For someone without a mountain of prerequisite knowledge, a task like removing whitespace characters from a spreadsheet could take days. I've personally walked into an interns office and seen that they've been working on a similar project all week, only to solve it for them in five minutes by explaining a formula. When your time is dominated in this way by mundane tasks, not only do you not have time to 'learn how to learn,' but computers become associated with drudgery, boredom, and fear, as a single mistake might set you back hours or worse.
When we ask "is X a difficult task," it's a profound act of willful ignorance to ignore 70% of the population when we answer. The fact that we have not fixed this usability issue as designers and developers is a large part of users are increasingly hawked walled-gardens, SAAS, and why features we used to expect slowly disappear from our interfaces, making them less powerful, while usability doesn't increase at all. This problem stands in the way of widespread adoption of FLOSS, it cannot be solved by devs alone, and it's going to take some serious introspection to solve, particularly when we're so quick to ascribe a lack of computer knowledge to some kind of moral failing.
Amicchan@lemmy.ml 2 years ago
I did not even think of the lack of real analogies to computers; where did you get this idea? (That is some good thinking.)
krolden@lemmy.ml 2 years ago
I get what you're trying to say, but would you ever expect that old man to attempt to install ANY operating system whether its linux or windows or temple os?
I think maybe you should be advocating for more OEM systems to come preinstalled with linux rather than windows. It obviously doesn't make a difference if they're using windows or Ubuntu, the general principles are the same as far as using a mouse, finding a minimized window, etc. People like that are never going to consider doing their own installs and should probably have some support structure that assists them like you were doing.

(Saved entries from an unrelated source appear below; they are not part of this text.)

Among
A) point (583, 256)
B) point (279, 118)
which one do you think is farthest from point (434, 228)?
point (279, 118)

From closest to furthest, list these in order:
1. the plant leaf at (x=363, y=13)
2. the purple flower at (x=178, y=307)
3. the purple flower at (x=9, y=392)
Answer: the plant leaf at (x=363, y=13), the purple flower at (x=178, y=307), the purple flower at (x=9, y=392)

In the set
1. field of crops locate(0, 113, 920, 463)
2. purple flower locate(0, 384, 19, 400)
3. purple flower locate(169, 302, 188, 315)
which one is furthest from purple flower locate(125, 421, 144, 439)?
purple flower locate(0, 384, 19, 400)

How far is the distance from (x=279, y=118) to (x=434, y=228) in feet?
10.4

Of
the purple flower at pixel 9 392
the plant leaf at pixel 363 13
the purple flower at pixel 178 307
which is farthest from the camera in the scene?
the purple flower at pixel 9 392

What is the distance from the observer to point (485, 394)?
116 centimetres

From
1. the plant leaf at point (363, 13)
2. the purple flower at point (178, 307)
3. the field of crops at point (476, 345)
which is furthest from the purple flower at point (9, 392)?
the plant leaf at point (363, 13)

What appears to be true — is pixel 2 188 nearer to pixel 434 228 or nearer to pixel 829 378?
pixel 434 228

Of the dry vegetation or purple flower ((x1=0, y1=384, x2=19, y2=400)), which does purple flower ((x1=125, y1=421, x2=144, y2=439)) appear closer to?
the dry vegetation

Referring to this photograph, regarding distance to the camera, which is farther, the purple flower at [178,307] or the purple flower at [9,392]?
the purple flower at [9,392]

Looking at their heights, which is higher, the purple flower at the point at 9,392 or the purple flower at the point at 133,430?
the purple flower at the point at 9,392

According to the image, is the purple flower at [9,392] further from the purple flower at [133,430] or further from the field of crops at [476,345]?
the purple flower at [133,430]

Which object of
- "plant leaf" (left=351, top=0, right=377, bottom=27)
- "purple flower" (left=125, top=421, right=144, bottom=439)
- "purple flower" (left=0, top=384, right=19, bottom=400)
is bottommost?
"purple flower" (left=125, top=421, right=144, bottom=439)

As far as people in offices being computer illiterate, companies need to do better training of their own or just give a basic proficiency test when they're hiring new people.

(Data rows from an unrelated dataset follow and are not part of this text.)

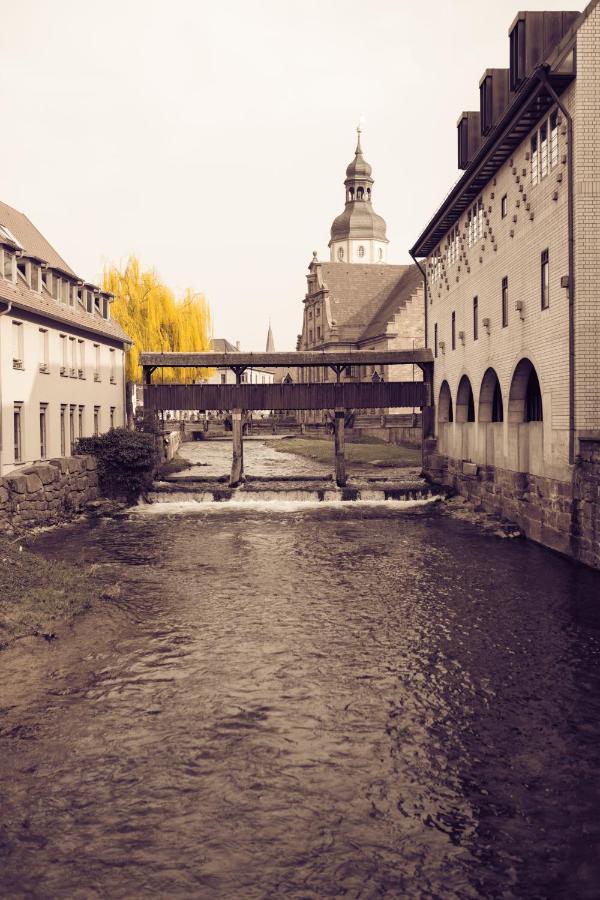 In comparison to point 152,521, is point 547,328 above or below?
above

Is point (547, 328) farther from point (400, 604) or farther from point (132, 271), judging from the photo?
point (132, 271)

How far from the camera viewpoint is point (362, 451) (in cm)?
4991

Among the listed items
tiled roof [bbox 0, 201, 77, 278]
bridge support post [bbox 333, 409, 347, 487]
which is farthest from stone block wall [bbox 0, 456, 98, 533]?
bridge support post [bbox 333, 409, 347, 487]

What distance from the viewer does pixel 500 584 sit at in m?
16.2

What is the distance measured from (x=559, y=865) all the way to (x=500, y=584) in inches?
391

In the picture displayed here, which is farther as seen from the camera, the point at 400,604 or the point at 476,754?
the point at 400,604

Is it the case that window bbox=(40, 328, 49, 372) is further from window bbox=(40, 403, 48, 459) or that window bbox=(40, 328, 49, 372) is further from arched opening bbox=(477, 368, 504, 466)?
arched opening bbox=(477, 368, 504, 466)

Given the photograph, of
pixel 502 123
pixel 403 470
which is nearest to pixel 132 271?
pixel 403 470

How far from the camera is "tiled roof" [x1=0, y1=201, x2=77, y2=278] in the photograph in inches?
1240

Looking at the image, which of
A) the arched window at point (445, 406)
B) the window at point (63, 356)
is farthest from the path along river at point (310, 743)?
Answer: the arched window at point (445, 406)

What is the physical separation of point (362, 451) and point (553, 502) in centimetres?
3106

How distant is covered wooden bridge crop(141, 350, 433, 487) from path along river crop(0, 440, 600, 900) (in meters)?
17.8

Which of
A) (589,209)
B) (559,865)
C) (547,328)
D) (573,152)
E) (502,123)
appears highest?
(502,123)

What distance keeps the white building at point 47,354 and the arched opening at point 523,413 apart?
587 inches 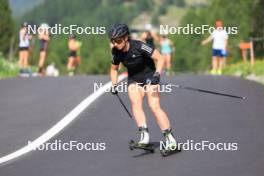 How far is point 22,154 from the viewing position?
11492mm

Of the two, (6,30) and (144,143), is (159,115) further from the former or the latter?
(6,30)

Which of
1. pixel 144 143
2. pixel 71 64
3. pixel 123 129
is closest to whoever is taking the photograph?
pixel 144 143

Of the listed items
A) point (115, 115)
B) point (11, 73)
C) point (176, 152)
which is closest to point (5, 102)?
point (115, 115)

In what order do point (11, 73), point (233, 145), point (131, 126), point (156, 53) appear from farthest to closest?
point (11, 73) → point (131, 126) → point (233, 145) → point (156, 53)

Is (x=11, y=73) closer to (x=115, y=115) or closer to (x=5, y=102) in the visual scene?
(x=5, y=102)

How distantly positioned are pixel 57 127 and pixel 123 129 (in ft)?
3.87

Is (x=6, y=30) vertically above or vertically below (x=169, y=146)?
above

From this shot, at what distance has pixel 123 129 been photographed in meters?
13.2

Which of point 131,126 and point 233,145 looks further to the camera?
point 131,126

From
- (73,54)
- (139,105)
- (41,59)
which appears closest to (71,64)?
(73,54)

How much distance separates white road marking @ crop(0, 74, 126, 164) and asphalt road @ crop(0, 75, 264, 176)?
5.1 inches

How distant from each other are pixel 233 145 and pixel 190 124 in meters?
2.12

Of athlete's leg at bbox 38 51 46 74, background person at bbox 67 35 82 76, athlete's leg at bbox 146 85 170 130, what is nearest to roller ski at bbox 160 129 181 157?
athlete's leg at bbox 146 85 170 130

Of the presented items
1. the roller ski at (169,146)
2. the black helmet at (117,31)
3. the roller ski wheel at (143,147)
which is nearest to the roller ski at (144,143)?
the roller ski wheel at (143,147) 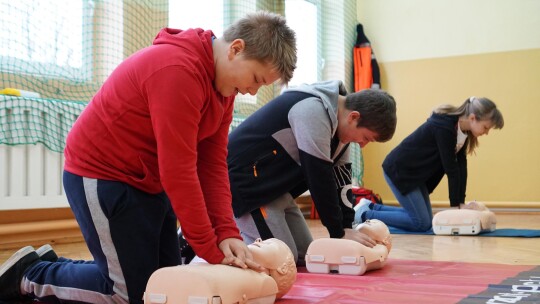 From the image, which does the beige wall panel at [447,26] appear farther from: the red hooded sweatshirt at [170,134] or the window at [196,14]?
the red hooded sweatshirt at [170,134]

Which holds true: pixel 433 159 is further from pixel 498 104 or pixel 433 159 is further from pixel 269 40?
pixel 269 40

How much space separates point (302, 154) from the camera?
2.11 metres

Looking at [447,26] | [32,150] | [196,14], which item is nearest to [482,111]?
[196,14]

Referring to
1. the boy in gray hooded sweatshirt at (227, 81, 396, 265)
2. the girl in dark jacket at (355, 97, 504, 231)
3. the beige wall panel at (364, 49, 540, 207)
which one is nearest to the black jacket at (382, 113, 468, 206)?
the girl in dark jacket at (355, 97, 504, 231)

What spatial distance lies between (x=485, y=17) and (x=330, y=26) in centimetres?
144

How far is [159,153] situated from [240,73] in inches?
9.9

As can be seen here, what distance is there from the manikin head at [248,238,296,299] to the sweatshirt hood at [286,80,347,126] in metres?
0.62

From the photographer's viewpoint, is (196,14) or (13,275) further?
(196,14)

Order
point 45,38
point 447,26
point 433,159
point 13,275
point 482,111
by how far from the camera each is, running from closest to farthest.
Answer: point 13,275
point 45,38
point 482,111
point 433,159
point 447,26

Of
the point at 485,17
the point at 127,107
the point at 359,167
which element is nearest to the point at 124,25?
the point at 127,107

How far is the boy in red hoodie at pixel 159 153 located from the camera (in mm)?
1291

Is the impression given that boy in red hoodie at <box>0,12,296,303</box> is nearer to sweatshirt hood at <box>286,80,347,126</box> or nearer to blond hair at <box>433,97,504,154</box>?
sweatshirt hood at <box>286,80,347,126</box>

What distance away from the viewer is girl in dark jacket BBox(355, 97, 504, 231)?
11.9ft

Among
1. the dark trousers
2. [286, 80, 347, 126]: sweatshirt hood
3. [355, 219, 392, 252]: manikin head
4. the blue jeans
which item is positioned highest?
[286, 80, 347, 126]: sweatshirt hood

MerchantsOfMisery@lemmy.ml 2 years ago
People do know how to learn, they just have different priorities than you and are focused on learning other things that could very well fall outside of what you believe is worth learning. Again, this is the kind of ego inflation I'm talking about-- this idea that "wow people just need to learn how to learn", it's just condescending nonsense.
Out of curiosity, how many languages do you speak?
pinknoise@lemmy.ml 2 years ago
Then that's their fault, and not the installers. Tools require at least some knowledge to use them. If someone doesn't acquire this knowledge they will at best break their tools (which is pretty difficult with computers) or at worst hurt others. The comparison isn't with "would you learn useless language x" but "would you learn language x if you plan to move to a country where it is the official language".
krolden@lemmy.ml 2 years ago
Only one, but you're equating critical thinking with knowing another language and I dont know why. Its not like the docs are written in another language you can't understand.
The Ubuntu install guide literally walks you through every step of the process. I think even tells you how to figure out the steps you need to change the boot device.
Maybe I'm just being an asshole gatekeeper, I should probably tone it back a bit. I guess we should all want more linux users since that means better driver support (maybe) as adoption increases.
I think the problems I am angry about has more to do with a broadband connection in everyone's pockets making it easy for idiots' opinions to spread like wildfire into the real world.